Athene (Minerva), to resume our account, having abstracted the heart of Dionysus, was called Pallas, from the vibrating of the heart; and the Titans who had torn him limb from limb, setting a caldron on a tripod, and throwing into it the members of Dionysus, first boiled them down, and then fixing them on spits, "held them over the fire." But Zeus having appeared, since he was a god, having speedily perceived the savour of the pieces of flesh that were being cooked,—that savour which your gods agree to have assigned to them as their perquisite,—assails the Titans with his thunderbolt, and consigns the members of Dionysus to his son Apollo to be interred. And he—for he did not disobey Zeus—bore the dismembered corpse to Parnassus, and there deposited it.
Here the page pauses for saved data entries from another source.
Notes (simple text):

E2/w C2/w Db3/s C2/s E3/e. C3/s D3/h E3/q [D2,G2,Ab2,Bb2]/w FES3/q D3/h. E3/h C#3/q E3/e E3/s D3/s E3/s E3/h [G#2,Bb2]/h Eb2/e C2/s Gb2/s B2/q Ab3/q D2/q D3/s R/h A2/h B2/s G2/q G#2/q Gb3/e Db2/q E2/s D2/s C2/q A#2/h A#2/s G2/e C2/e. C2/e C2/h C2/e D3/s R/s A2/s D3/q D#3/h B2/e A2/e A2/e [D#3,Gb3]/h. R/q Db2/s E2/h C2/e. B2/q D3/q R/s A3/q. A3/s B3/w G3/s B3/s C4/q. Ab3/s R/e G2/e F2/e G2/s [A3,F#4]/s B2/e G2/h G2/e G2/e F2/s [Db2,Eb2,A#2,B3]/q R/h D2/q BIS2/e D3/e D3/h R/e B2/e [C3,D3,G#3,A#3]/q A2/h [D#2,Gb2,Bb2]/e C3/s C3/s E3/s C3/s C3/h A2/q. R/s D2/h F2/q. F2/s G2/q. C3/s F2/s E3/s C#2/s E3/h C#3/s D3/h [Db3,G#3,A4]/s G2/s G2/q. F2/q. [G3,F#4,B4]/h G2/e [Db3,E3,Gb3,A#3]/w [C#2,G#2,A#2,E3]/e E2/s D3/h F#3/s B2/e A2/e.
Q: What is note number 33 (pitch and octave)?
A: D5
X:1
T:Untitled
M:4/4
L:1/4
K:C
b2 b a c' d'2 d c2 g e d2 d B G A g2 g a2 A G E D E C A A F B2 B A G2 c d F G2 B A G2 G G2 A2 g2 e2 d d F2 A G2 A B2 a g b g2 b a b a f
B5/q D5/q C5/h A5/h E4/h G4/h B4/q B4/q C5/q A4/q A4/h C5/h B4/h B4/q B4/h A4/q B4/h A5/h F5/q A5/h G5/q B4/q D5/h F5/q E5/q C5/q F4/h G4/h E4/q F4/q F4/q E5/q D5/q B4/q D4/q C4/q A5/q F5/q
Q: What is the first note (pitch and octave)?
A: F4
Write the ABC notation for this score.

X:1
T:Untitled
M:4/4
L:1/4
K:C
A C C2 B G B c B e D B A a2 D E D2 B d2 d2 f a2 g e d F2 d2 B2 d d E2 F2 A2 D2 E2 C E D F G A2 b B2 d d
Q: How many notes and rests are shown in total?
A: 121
If you wish to inspect the orgies of the Corybantes, then know that, having killed their third brother, they covered the head of the dead body with a purple cloth, crowned it, and carrying it on the point of a spear, buried it under the roots of Olympus. These mysteries are, in short, murders and funerals. And the priests of these rites, who are called kings of the sacred rites by those whose business it is to name them, give additional strangeness to the tragic occurrence, by forbidding parsley with the roots from being placed on the table, for they think that parsley grew from the Corybantic blood that flowed forth; just as the women, in celebrating the Thesmophoria, abstain from eating the seeds of the pomegranate which have fallen on the ground, from the idea that pomegranates sprang from the drops of the blood of Dionysus. Those Corybantes also they call Cabiri; and the ceremony itself they announce as the Cabiric mystery.

  1. The scholiast takes the ῥόμβος to mean a piece of wood attached to a cord, and swung round so as to cause a whistling noise.